The union has been in the bargaining period since Spring 2017 but no resolutions have been agreed upon. This will likely result in a sizable demonstration on Monday that highlights, not only the district’s problems, but also those of the U.S. public education system at large.
Why are teachers striking?
The two main issues at the center of this strike are class size, and increased staffing to shrink the growing classrooms.
And those concerns exemplify the state’s overall classroom size problem. According to data on UTLA’s website, California ranks 48 out of 50 in class size, meaning that LAUSD teachers have among the largest class sizes in the state and country.
After two years of bargaining, mediation and fact-finding periods, the union remains unsatisfied with every offer the LAUSD has brought to the table, said Jollene Levid, a regional union organizer with UTLA and former school social worker, who said that
UTLA is fighting for a “progressive, student-centered contract and for, frankly, better learning environments for students and a better working environment for educators.”
Media were quick to characterize this as a salary dispute, as many teachers’ strikes across the country had been centered around teachers’ wages.
But that’s hardly the primary mission, said Levid, who is also a former LAUSD student. Levid described the prime goals are to decrease the size of the average classroom and to increase staffing across the district.
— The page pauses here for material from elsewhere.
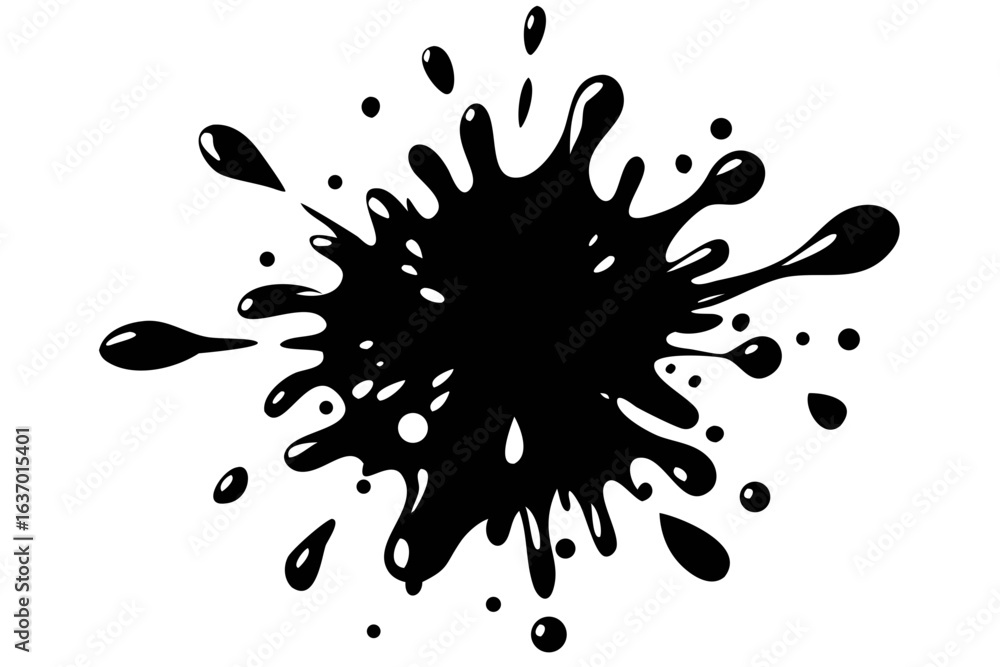 Poster illustration of a black ink blot with various sizes of splatters and drops on a white background cre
“The No. 1 issue at the table is class size, by far,” Levid — who is Filipina-American — told the Asian Journal in a phone interview on Thursday, Jan. 3. “A lot of media outlets have really made this about salary, but we’ve already been offered a 6 percent salary increase.
That was already on the table [and] we could’ve taken that and walked away, but that’s not the main issue at hand. It’s only a part of the picture.”
The other main issue is proper staffing.
“I remember being a student and having a nurse every day. We don’t have that right now,” Levid said. “We also need more social workers who can address the emotional needs of our students.”
Dahlia Heights Elementary School in Eagle Rock, for example, only has a nurse who comes in on Wednesdays. Some schools do not have a regular social worker or librarian, other staff members who help run the school.
Why is this important?
To understand the scope of the teachers’ cause, one must understand the scope of the district itself.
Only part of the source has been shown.